An M-set (specifically an $OpSeq$-set in our case) is a mathematical structure that gives meaning to our sequence. You can think of it as a configurable interpreter for our log. The formal definition involves a right action, which specifies what will happen for every possible operation (get, put 42, etc.).
The beauty is that we can now assert that we parameterized our program's meaning (the sequence) by an M-set. We can plug in different M-sets to change the program's behavior without changing the program itself:
get by reading from the keyboard and put i by printing to the console.get by returning a fixed value (e.g., 0) and put i by adding the integer to a test buffer.The M-set is the semantic domain that brings our abstract sequence to life.
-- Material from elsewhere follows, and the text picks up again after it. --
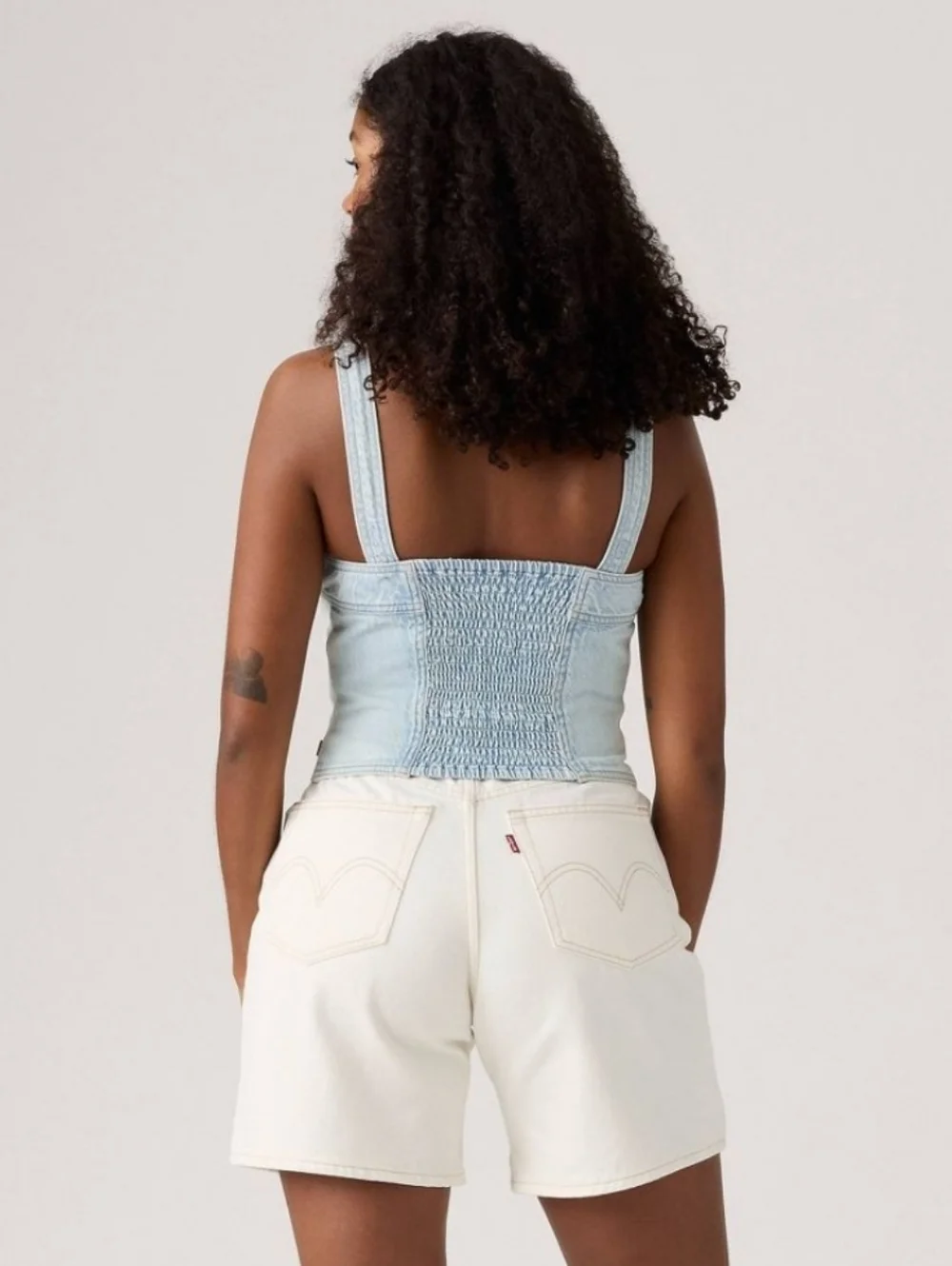 Levi's Women's Drea Tank Denim Top Large - Picture 2 of 10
This powerful pattern isn't limited to I/O. We can apply the exact same idea to memory management. Let's define a new set of memory operations:
$$ OpMem := \{ \mathtt{alloc} \} ∪ \{ \mathtt{free\ n}\ |\ n \in \mathbb{N} \} $$
Here, $\mathtt{alloc}$ represents allocating a new memory location, and $\mathtt{free}\ n$ represents deallocating location $n$. Just like before, a program's interaction with memory can be modeled as a sequence $MemSeq = OpMem^*$. The M-set for this system would be a model of a heap that defines the semantics of allocating and freeing memory.
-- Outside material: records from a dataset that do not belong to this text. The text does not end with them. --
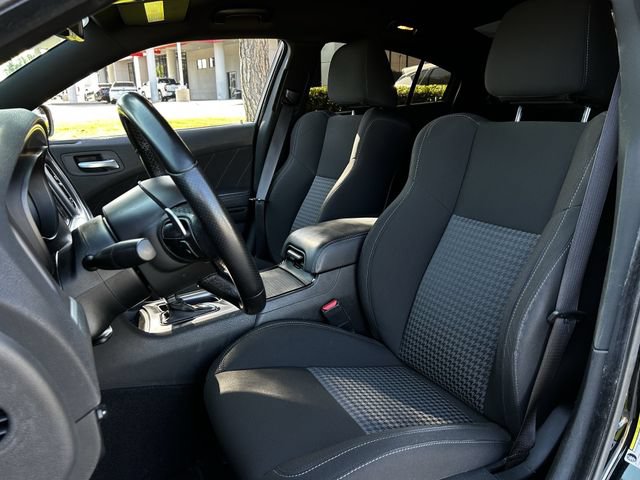 Used 2022 Dodge Charger R/T w/ Blacktop Package RWD image 27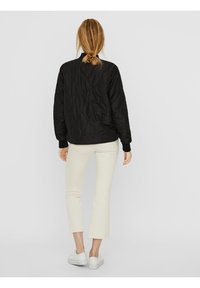 Vero Moda Bomberjacka - black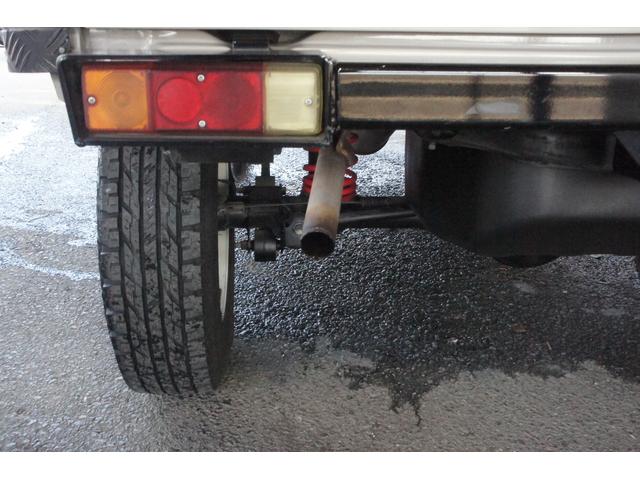 ジムニー ランドベンチャー　スプリング２インチリフトＵＰ・社外グリル・社外Ｆ・Ｒバンパー・社外アルミ・４ＷＤ・パワーステアリング・修復歴ナシ・４人乗り（29枚目）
In many cases, tracking the exact sequence of operations is overkill. We often don't need to know the entire history; we just want a summary of what a function might do. This is the leap from concrete sequences to abstract effects.
The operations we've been discussing — get, put, alloc, free — can be called (runtime) effects. A type and effect system is a static analysis tool, built into a compiler, that tracks the set of effects a piece of code might trigger.
Instead of a concrete sequence like ["alloc", "free 0"], the effect system provides an approximation. It tells us that a function has the potential to perform the effects {alloc, free}. These effects become part of the function's type, giving developers a clear contract about what the function can do.
Furthermore, effects can be parameterized. A function type might look like this:
fn update(x: &mut T) -> () effect { free(x[*]) }
This signature tells us that the update function may free the memory associated with its parameter x. This brings us to a crucial point: effects are an approximation. The free(x[*]) effect means the function may release memory associated with elements x[i], not
that it will on every execution path. This conservative approach is essential for guaranteeing safety.
And so, we've traveled from a concrete sequence of operations, to a semantic interpreter (the M-set), all the way to an abstract summary of behavior used in modern type and effect systems to help us write safer, more predictable code. Lots of open questions here how information expressed in this language of effects (the annotations on the types) could be used for checking - we cannot talk about runtime values, only refer to them indirectly through expressions that talk about some set of locations. Unrestricted aliasing may make it impossible to decide whether two expressions refer to an overlapping set of memory locations. It does seem like a step towards something interesting.
We started with a modest goal: have an answer to the question on the semantics of effects. It looks like we got there: effects (effect annotations) are may-approximations of runtime effects.